Fine-grained version Settings:

  • Create a host granularity version mapping
  • Controller adds POD version selection logic

Elegant upgrade:

  • Lifecycle prestop/postStart will allow regular flow and recovery
  • In special scenarios, the GSLB is linked to perform flow cutting

Upgrade verification: The Controller is linked to the monitoring system. During the upgrade, service exceptions are detected and terminated or rolled back in time

Choreography security protection: Workload granularity and POD granularity are modified and deleted by adding Adminsion Webhook to verify whether they meet expectations

Edge container Dr And migration based on KubeEdge CDN

Migration steps:

1) Backup etcd, restore etCD in new cluster;

2) Switch access DNS;

3) Restart Cloudcore to disconnect the cloud-side hub;

Advantages:

  • Low cost.
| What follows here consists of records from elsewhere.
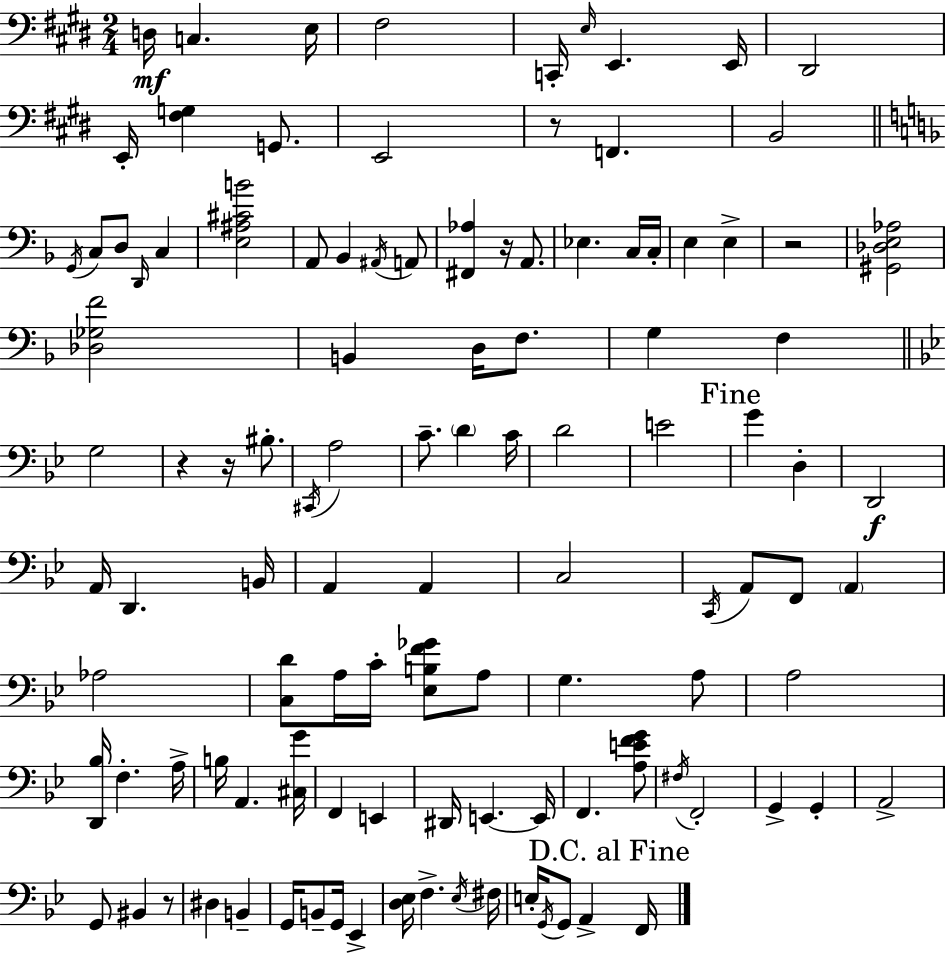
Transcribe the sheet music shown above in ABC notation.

X:1
T:Untitled
M:2/4
L:1/4
K:E
D,/4 C, E,/4 ^F,2 C,,/4 E,/4 E,, E,,/4 ^D,,2 E,,/4 [^F,G,] G,,/2 E,,2 z/2 F,, B,,2 G,,/4 C,/2 D,/2 D,,/4 C, [E,^A,^CB]2 A,,/2 _B,, ^A,,/4 A,,/2 [^F,,_A,] z/4 A,,/2 _E, C,/4 C,/4 E, E, z2 [^G,,_D,E,_A,]2 [_D,_G,F]2 B,, D,/4 F,/2 G, F, G,2 z z/4 ^B,/2 ^C,,/4 A,2 C/2 D C/4 D2 E2 G D, D,,2 A,,/4 D,, B,,/4 A,, A,, C,2 C,,/4 A,,/2 F,,/2 A,, _A,2 [C,D]/2 A,/4 C/4 [_E,B,F_G]/2 A,/2 G, A,/2 A,2 [D,,_B,]/4 F, A,/4 B,/4 A,, [^C,G]/4 F,, E,, ^D,,/4 E,, E,,/4 F,, [A,EFG]/2 ^F,/4 F,,2 G,, G,, A,,2 G,,/2 ^B,, z/2 ^D, B,, G,,/4 B,,/2 G,,/4 _E,, [D,_E,]/4 F, _E,/4 ^F,/4 E,/4 G,,/4 G,,/2 A,, F,,/4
Due to the edge autonomy feature of KubeEdge, there is no reconstruction of edge container and no interruption of service.

  • Simple process, controllable, high service security;

CDN mass file distribution

Requirement scenarios:

  • CDN Edge service configuration
  • GSLB scheduling decision data
  • The container image preheating task

04 Thinking about future Architecture evolution

Edge computing Challenge

Resource management: wide distribution, variety, structure, specifications are not unified \

Network delay, reliability: heterogeneous network, mobile network and other weak network environment, bandwidth limited, insufficient stability \

Security: edge service is more difficult to form a unified security protection system

Diversified services: Various scenarios and service types

Basic ability of edge computing platform based on CDN

Resources:

  • Extensive coverage of CDN nodes and redundant resources of tidal characteristics;
  • Cloud-side collaboration is provided through Kubeedge;
  • It is capable of deploying and managing heterogeneous resources.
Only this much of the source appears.